Time Schedule:
Jeanne D. Heuving
BIS 300
Bothell Campus
Introduction to advanced work in interdisciplinary studies centered on broadly based questions and problems. Stresses the skills necessary to engage in upper-division research and learning in the Interdisciplinary Arts and Sciences Program.
Class description
This course serves as an introduction to the UWB Interdisciplinary Arts and Sciences program. We will focus our attention on the effects of the media revolution in the last few decades as they alter the nature of education itself. We will consider the writing of an early pioneer in this field, Marshall McLuhan, and how diverse media (television, film, computers) are changing our relationship to knowledge, including our very perceptions. We will consider literature and the arts as well as social sciences. More generally, we will consider the aims of education and students' relationship to their own education. Students will be responsible for much of their own learning and will present their research to the entire group.
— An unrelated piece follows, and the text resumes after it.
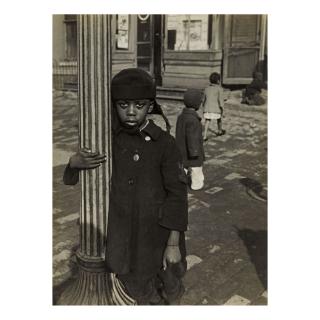 Godfrey Frankel - Washington (Child At Lamp Post)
The course will stress reading, critical thinking, writing, group work, and interdisciplinary approaches to knowledge.
Student learning goals
General method of instruction
Lectures, large and small group discussion, the classroom as seminar; the classroom as workshop
Recommended preparation
Students are expected to participate in all the class sessions and to come prepared to class.
Class assignments and grading
There will be a variety of assignments: paper writing, worksheets, and some numerical analysis.